[PROBLEM REQUIREMENTS]
Transcribe the listing below exactly, leaving out each image.

[RECORDS FOR THIS TASK]
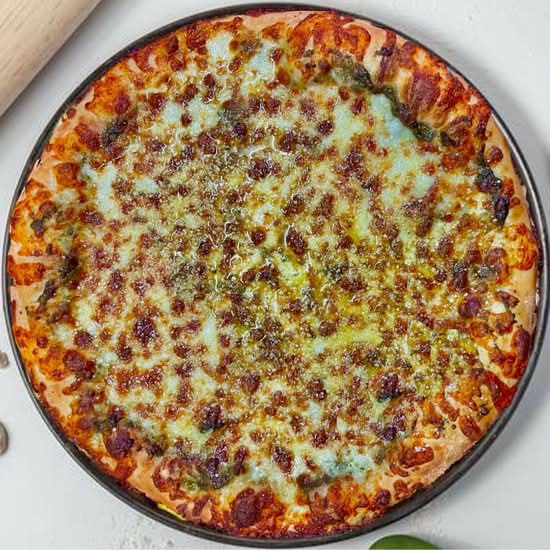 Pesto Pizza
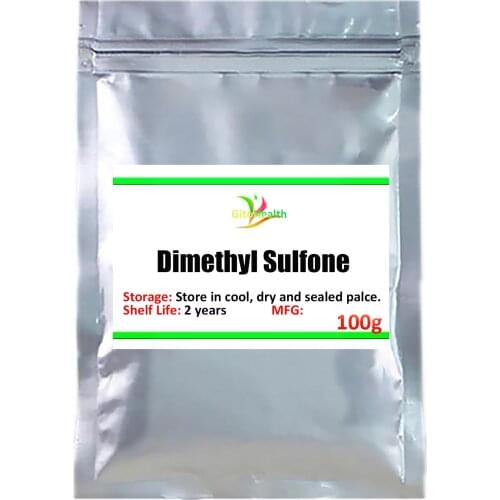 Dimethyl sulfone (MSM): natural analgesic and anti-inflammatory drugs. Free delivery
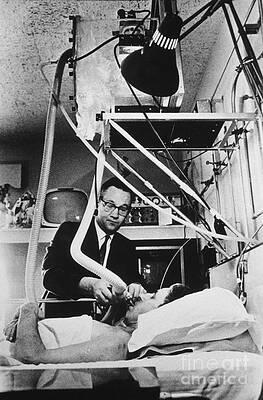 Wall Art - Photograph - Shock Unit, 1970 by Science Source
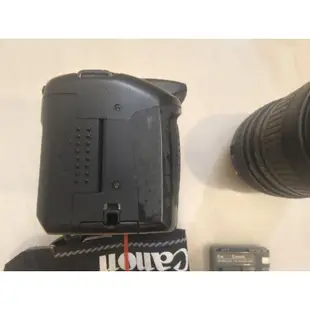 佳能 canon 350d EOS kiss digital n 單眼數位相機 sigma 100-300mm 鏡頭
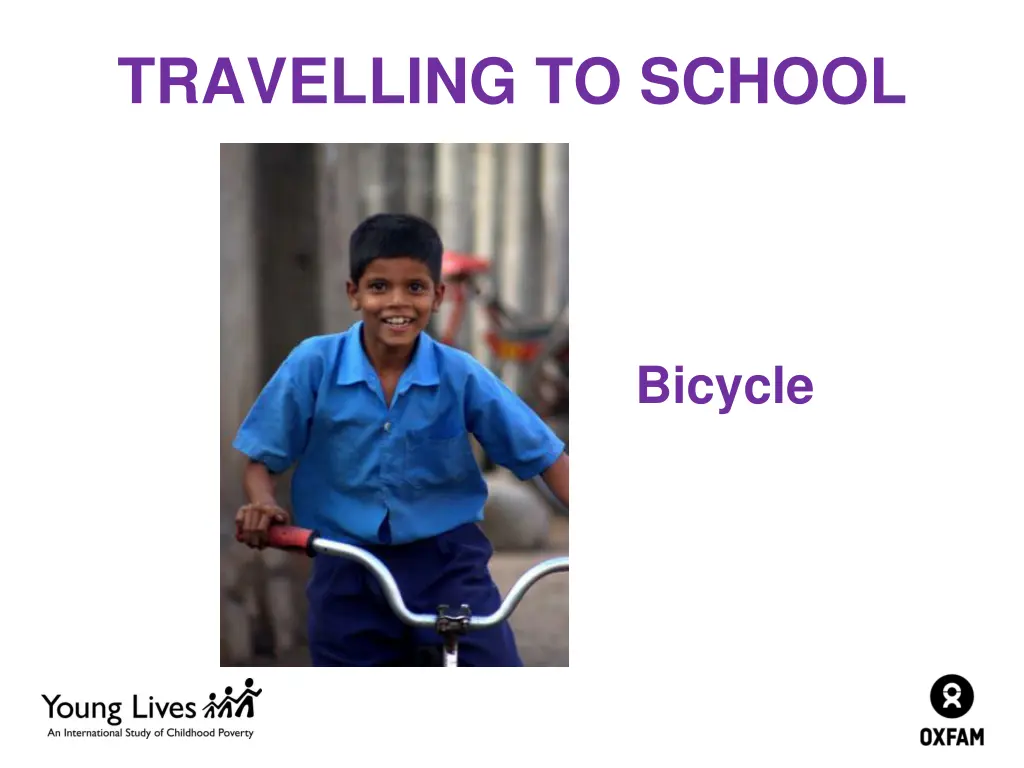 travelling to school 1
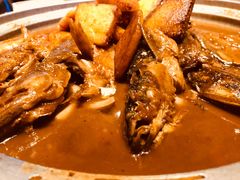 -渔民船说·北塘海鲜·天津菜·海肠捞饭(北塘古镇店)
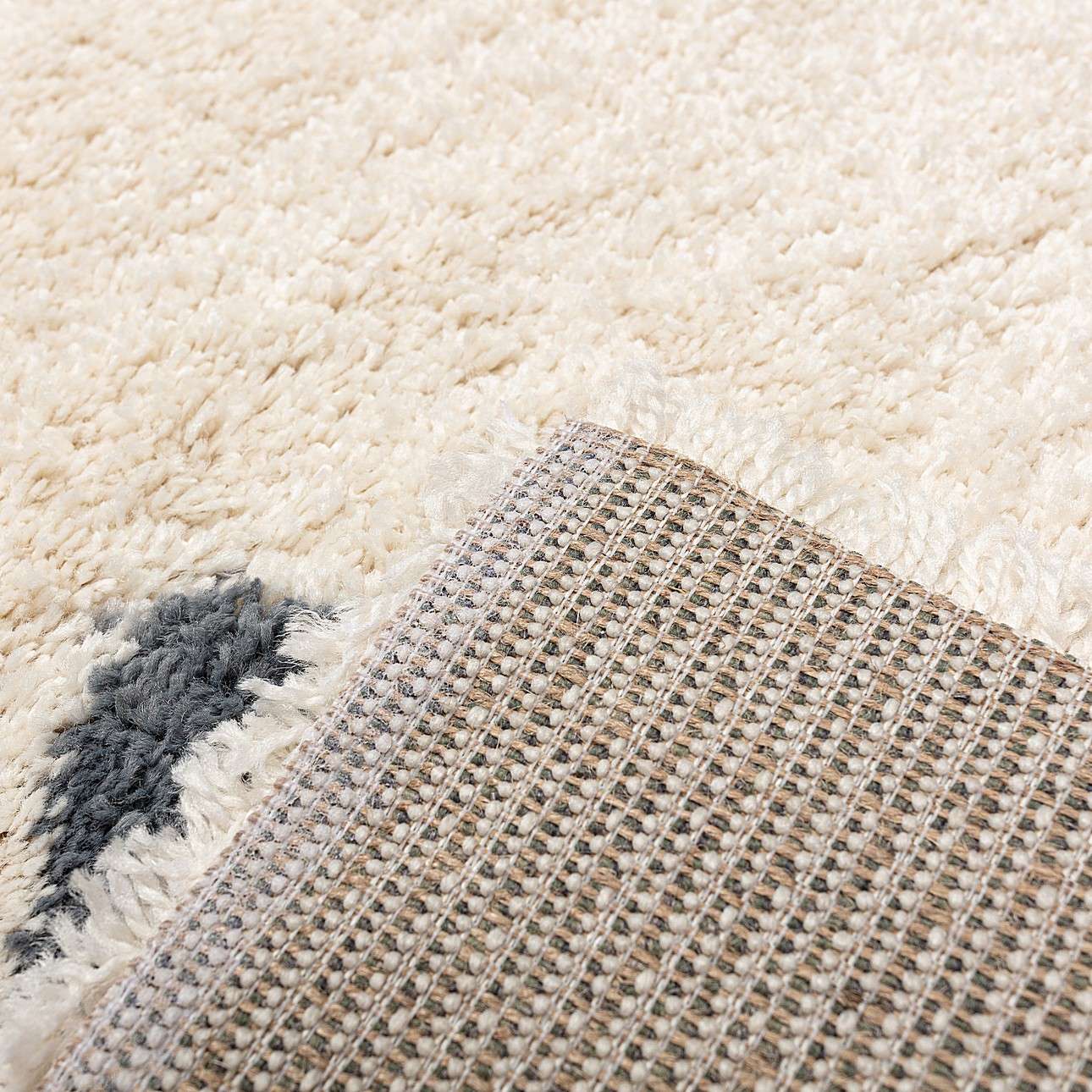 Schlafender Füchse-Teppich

[SOLUTION FOR THIS TASK]
 Pesto Pizza
 Dimethyl sulfone (MSM): natural analgesic and anti-inflammatory drugs. Free delivery
 Wall Art - Photograph - Shock Unit, 1970 by Science Source
 佳能 canon 350d EOS kiss digital n 單眼數位相機 sigma 100-300mm 鏡頭
 travelling to school 1
 -渔民船说·北塘海鲜·天津菜·海肠捞饭(北塘古镇店)
 Schlafender Füchse-Teppich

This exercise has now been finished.